Given a number as string n, return the remainder of the number when it is divided by 7.
Examples :
Input: n = "5"
Output: 5
Explanation: Since 5 is less than 7, the remainder when divided by 7 is 5.Input: n = "8"
Output: 1
Explanation: 8 divided by 7 leaves remainder 1.
Table of Content
Using Digit by Digit Modulo - O(n) Time O(1) Space
The idea is to process the number digit by digit and keep updating the remainder using modulo operation. For each digit, we multiply the current remainder by 10, add the digit, and take
% 7. This avoids forming the full number, so it works efficiently even for very large inputs without overflow.
#include <iostream>
using namespace std;
// function to find remainder
int remainderWith7(string &n)
{
int res = 0;
for (int i = 0; i < n.size(); i++)
{
// Add current digit and keep remainder modulo 7
res = (res * 10 + (n[i] - '0')) % 7;
}
return res;
}
int main()
{
string n = "8";
cout << remainderWith7(n) << endl;
return 0;
}
public class GfG {
// function to find remainder
static int remainderWith7(String n)
{
int res = 0;
for (int i = 0; i < n.length(); i++)
{
res = (res * 10 + (n.charAt(i) - '0')) % 7;
}
return res;
}
// Driver Code
public static void main(String[] args)
{
String n = "8";
System.out.println(remainderWith7(n));
}
}
# function to find remainder
def remainderWith7(n):
res = 0
for i in range(len(n)):
res = (res * 10 + (int(n[i]))) % 7
return res
# Driver Code
if __name__ == "__main__":
n = "8"
print(remainderWith7(n))
using System;
public class GfG
{
// function to find remainder
public static int remainderWith7(string n)
{
int res = 0;
for (int i = 0; i < n.Length; i++)
{
res = (res * 10 + (n[i] - '0')) % 7;
}
return res;
}
// Driver Code
public static void Main()
{
string n = "8";
Console.WriteLine(remainderWith7(n));
}
}
// function to find remainder
function remainderWith7(n) {
let res = 0;
for (let i = 0; i < n.length; i++) {
res = (res * 10 + (n[i] - '0')) % 7;
}
return res;
}
// Driver Code
let n = "8";
console.log(remainderWith7(n));
Output
1
Using Cyclic Pattern Method - O(n) Time O(1) Space
The idea is to use the repeating pattern of powers of 10 modulo 7: [1, 3, 2, -1, -3, -2]. We traverse the number from right to left, multiply each digit with the corresponding value from this pattern, and keep adding the result modulo 7. Since the pattern repeats every 6 digits, we cycle through it. Finally, we adjust the result to ensure it is positive. This method avoids large number formation and uses mathematical optimization.
Consider : n = "8"
- Start with res = 0, idx = 0 and series = [1, 3, 2, -1, -3, -2]

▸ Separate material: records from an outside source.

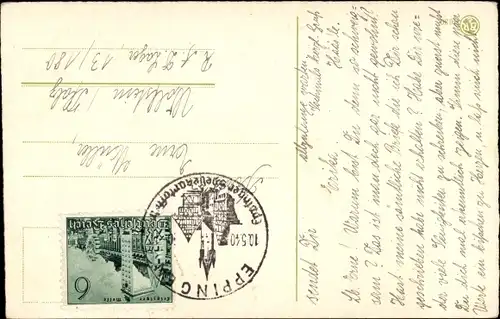 Ak Glückwunsch Pfingsten, Maikäfer, Birke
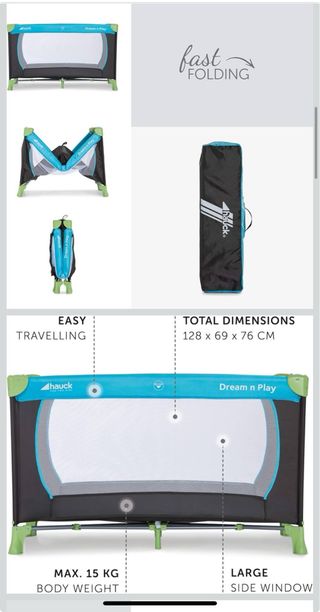 Parque Cuna Hauck Dream n Play 120x60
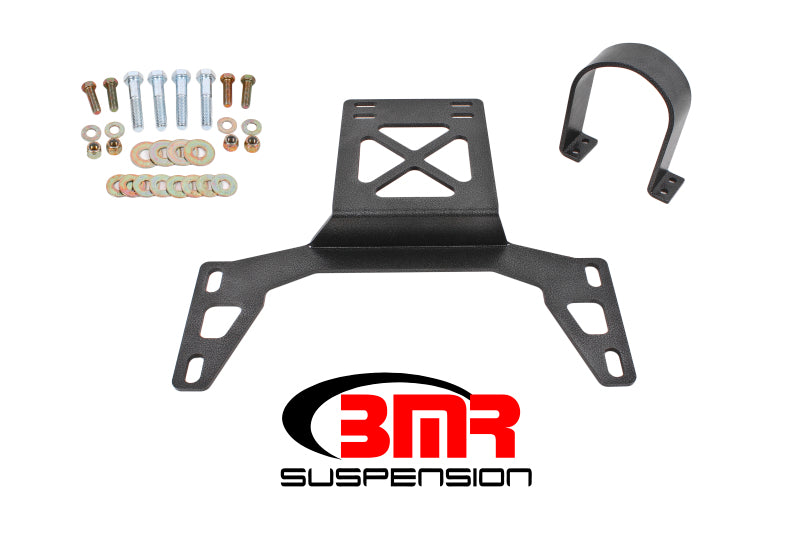 BMR Suspension 07-14 Shelby GT500 Front Driveshaft Safety Loop - Black Hammertone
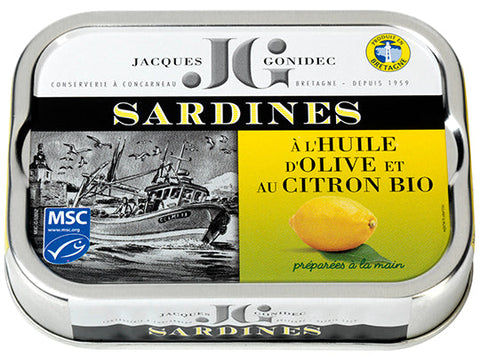 ORGANIC SARDINES WITH LEMON 115G (#122537)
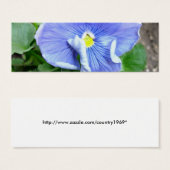 Blue Pansy Bookmark (Front & Back)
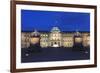 Neues Schloss Castle at Schlossplatz Square, Stuttgart, Baden Wurttemberg, Germany, Europe-Markus Lange-Framed Photographic Print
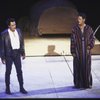 Actors (L-R) Christopher Walken & Raul Julia in a scene fr. the New York Shakespeare Festival production of the play "Othello" at the Delacorte Theater in Central Park. (New York)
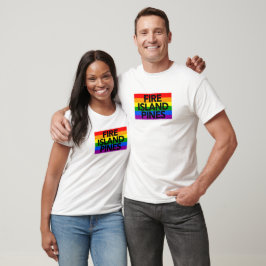 Fire Island Pines New York regenbooglogo LGBTQ T-shirt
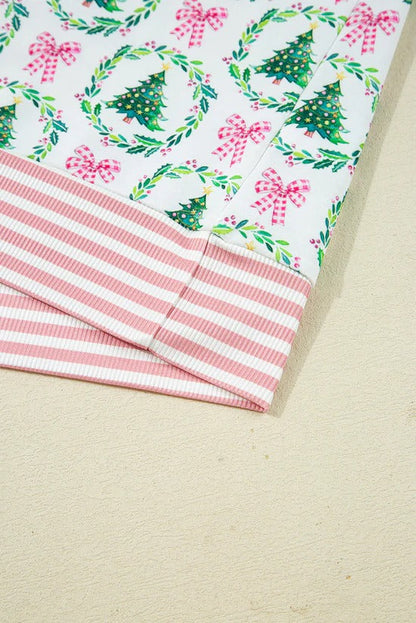 Christmas Trees And Bows Pajama Set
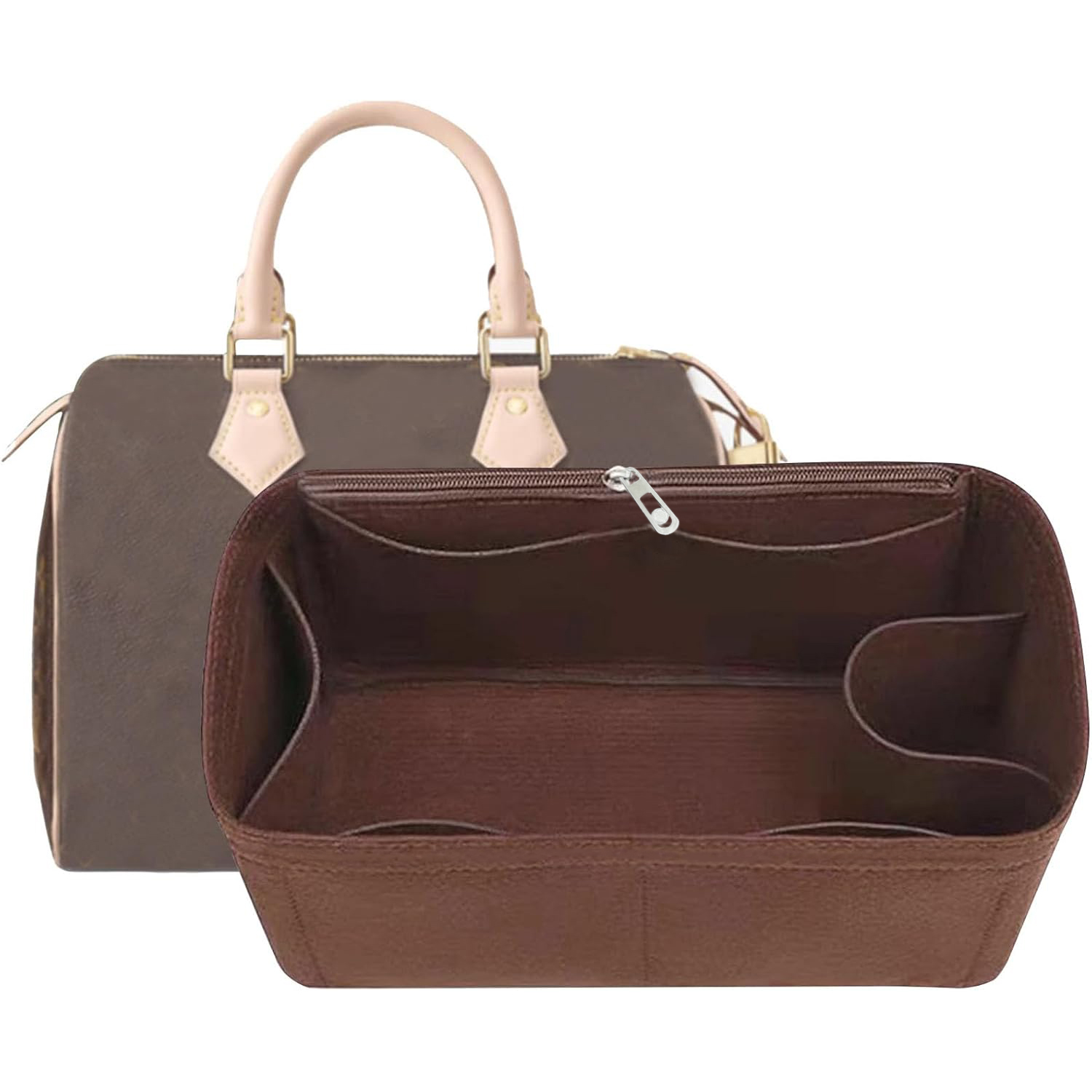 Backpack Insert Organizer - Speedy 25/30 Düzenleyici Parçası için Çanta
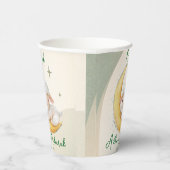 Eid  Al Adha Dusty Green Cute Sheep Dinner  紙コップ (右)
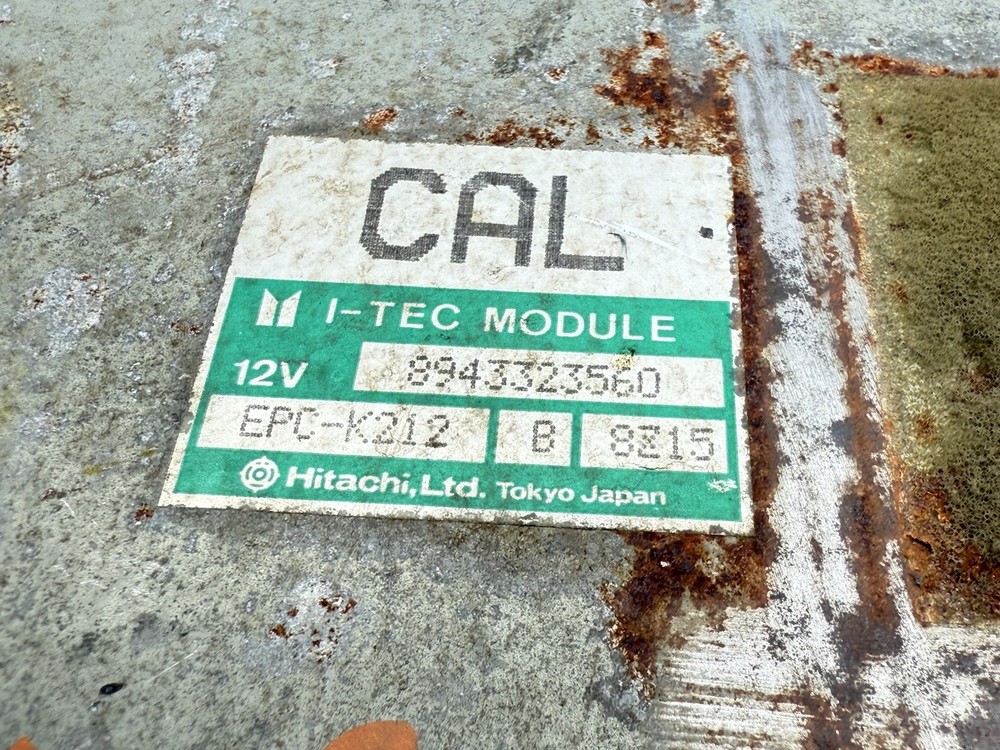 1989 ISUZU AMINGO M/T ENGINE COMPUTER I-TEC CONTROL MODULE ECU ECM EPC-K212 OEM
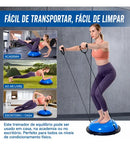 Meia Bola Suiça Bosu Balance Ball Pilates Yoga Equilíbrio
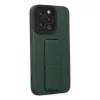 iPhone 14 Pro Kılıf Mega Standlı Silikon - Yeşil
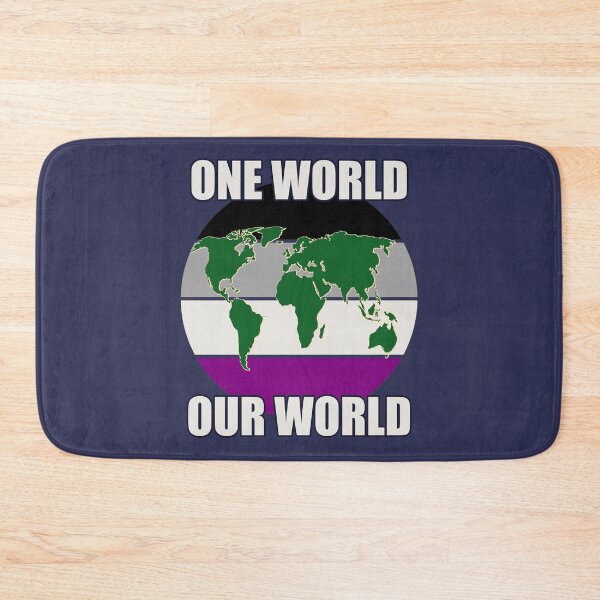 Item preview, One World, Our World -Asexual Flag Colors designed and sold by HappySchnapper.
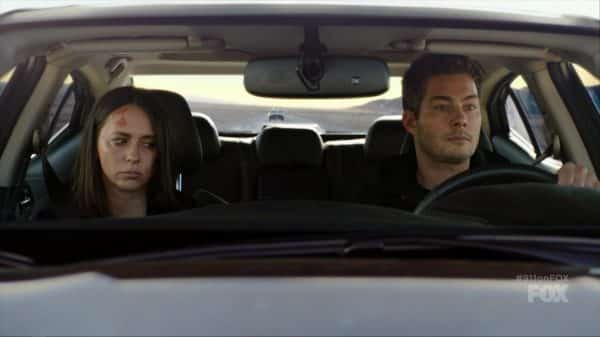 Maddie and Doug in his car, after he kidnapped her.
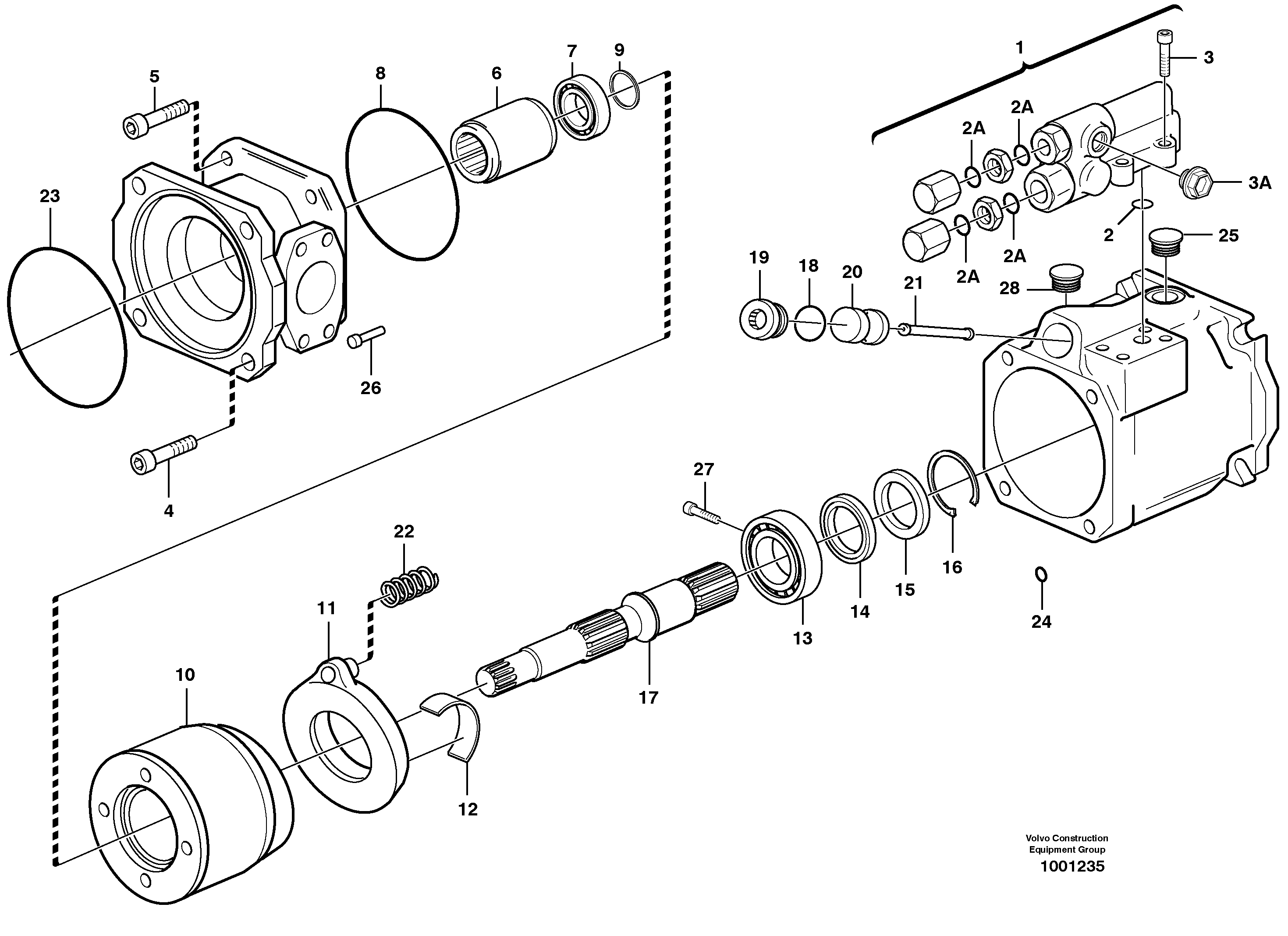 Hydraulic pump — volvo parts diagram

- Process last digit 8 -> res = (0 + 8 × 1) % 7 = 1
- Update idx = 1, loop ends
- Final res = 1
#include <iostream>
using namespace std;
// function to find remainder
int remainderWith7(string &n)
{
// Repeating pattern of powers of 10 modulo 7
int series[] = {1, 3, 2, -1, -3, -2};
int idx = 0;
int res = 0;
for (int i = n.size() - 1; i >= 0; i--)
{
int digit = n[i] - '0';
res = (res + digit * series[idx]) % 7;
idx = (idx + 1) % 6;
}
// Convert negative remainder to positive
if (res < 0)
res = (res + 7) % 7;
return res;
}
// Driver Code
int main()
{
string n = "8";
cout << remainderWith7(n) << endl;
return 0;
}
public class GfG {
// function to find remainder
public static int remainderWith7(String n) {
int[] series = {1, 3, 2, -1, -3, -2};
int idx = 0;
int res = 0;
for (int i = n.length() - 1; i >= 0; i--) {
int digit = n.charAt(i) - '0';
res = (res + digit * series[idx]) % 7;
idx = (idx + 1) % 6;
}
if (res < 0)
res = (res + 7) % 7;
return res;
}
// Driver Code
public static void main(String[] args) {
String n = "8";
System.out.println(remainderWith7(n));
}
}
def remainderWith7(n):
series = [1, 3, 2, -1, -3, -2]
idx = 0
res = 0
for i in range(len(n) - 1, -1, -1):
digit = int(n[i])
res = (res + digit * series[idx]) % 7
idx = (idx + 1) % 6
if res < 0:
res = (res + 7) % 7
return res
# Driver Code
if __name__ == "__main__":
n = "8"
print(remainderWith7(n))
using System;
public class GfG
{
// function to find remainder
public static int remainderWith7(string n)
{
int[] series = {1, 3, 2, -1, -3, -2};
int idx = 0;
int res = 0;
for (int i = n.Length - 1; i >= 0; i--)
{
int digit = n[i] - '0';
res = (res + digit * series[idx]) % 7;
idx = (idx + 1) % 6;
}
if (res < 0)
res = (res + 7) % 7;
return res;
}
// Driver Code
public static void Main()
{
string n = "8";
Console.WriteLine(remainderWith7(n));
}
}
// function to find remainder
function remainderWith7(n) {
const series = [1, 3, 2, -1, -3, -2];
let idx = 0;
let res = 0;
for (let i = n.length - 1; i >= 0; i--) {
let digit = parseInt(n[i]);
res = (res + digit * series[idx]) % 7;
idx = (idx + 1) % 6;
}
res = (res + 7) % 7;
return res;
}
// Driver Code
let n = "8";
console.log(remainderWith7(n));
Output
1